AUDIENCIA GENERAL DE JUAN PABLO II
Miércoles 6 de octubre de 2004
La reina y esposa
1. El dulce retrato femenino que nos acaban de presentar constituye el segundo cuadro del díptico del que se compone el salmo 44, un canto nupcial sereno y gozoso, que leemos en la liturgia de las Vísperas. Así, después de contemplar al rey que celebra sus bodas (cf. vv. 2-10), ahora nuestros ojos se fijan en la figura de la reina esposa (cf. vv. 11-18). Esta perspectiva nupcial nos permite dedicar el salmo a todas las parejas que viven con intensidad y vitalidad interior su matrimonio, signo de un "gran misterio", como sugiere san Pablo, el del amor del Padre a la humanidad y de Cristo a su Iglesia (cf. Ef 5, 32). Sin embargo, el salmo abre también otro horizonte.
En efecto, entra en escena el rey judío y, precisamente en esta perspectiva, la tradición judía sucesiva ha visto en él un perfil del Mesías davídico, mientras que el cristianismo ha transformado el himno en un canto en honor de Cristo.
2. Con todo, ahora, nuestra atención se fija en el perfil de la reina que el poeta de corte, autor del salmo (cf. Sal 44, 2), traza con gran delicadeza y sentimiento. La indicación de la ciudad fenicia de Tiro (cf. v. 13) hace suponer que se trata de una princesa extranjera. Así asume un significado particular la invitación a olvidar el pueblo y la casa paterna (cf. v. 11), de la que la princesa se tuvo que alejar.

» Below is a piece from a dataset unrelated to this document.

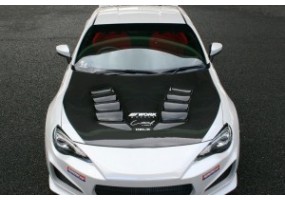 Capo toyota gt86 strider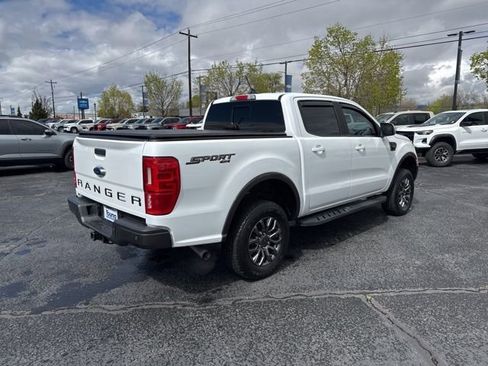 Used 2022 Ford Ranger Lariat w/ Equipment Group 501A High image 7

La vocación nupcial es un acontecimiento trascendental en la vida y cambia la existencia, como ya se constata en el libro del Génesis: "Dejará el hombre a su padre y a su madre y se unirá a su mujer, y vendrán a ser una sola carne" (Gn 2, 24). La reina esposa avanza ahora, con su séquito nupcial que lleva los dones, hacia el rey, prendado de su belleza (cf. Sal 44, 12-13).
3. Es notable la insistencia con que el salmista exalta a la mujer: está "llena de esplendor" (v. 14), y esa magnificencia se manifiesta en su vestido nupcial, recamado en oro y enriquecido con preciosos brocados (cf. vv. 14-15).

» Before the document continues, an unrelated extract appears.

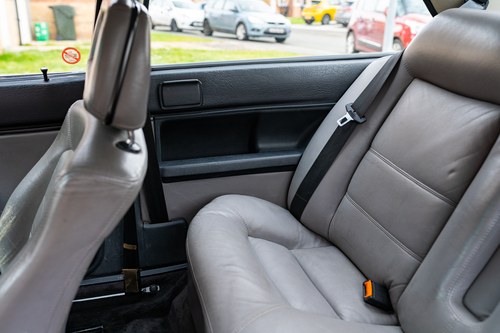 1988 Audi Quattro UR 10V For Sale (picture 38 of 127)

La Biblia ama la belleza como reflejo del esplendor de Dios mismo; incluso los vestidos pueden ser signo de una luz interior resplandeciente, del candor del alma.
El pensamiento se remonta, por un lado, a las páginas admirables del Cantar de los cantares (cf. capítulos 4 y 5) y, por otro, a la página del Apocalipsis donde se describen "las bodas del Cordero", es decir, de Cristo, con la comunidad de los redimidos, destacando el valor simbólico de los vestidos nupciales: "Han llegado las bodas del Cordero, y su esposa se ha engalanado y se le ha concedido vestirse de lino deslumbrante de blancura. El lino son las buenas acciones de los santos" (Ap 19, 7-8).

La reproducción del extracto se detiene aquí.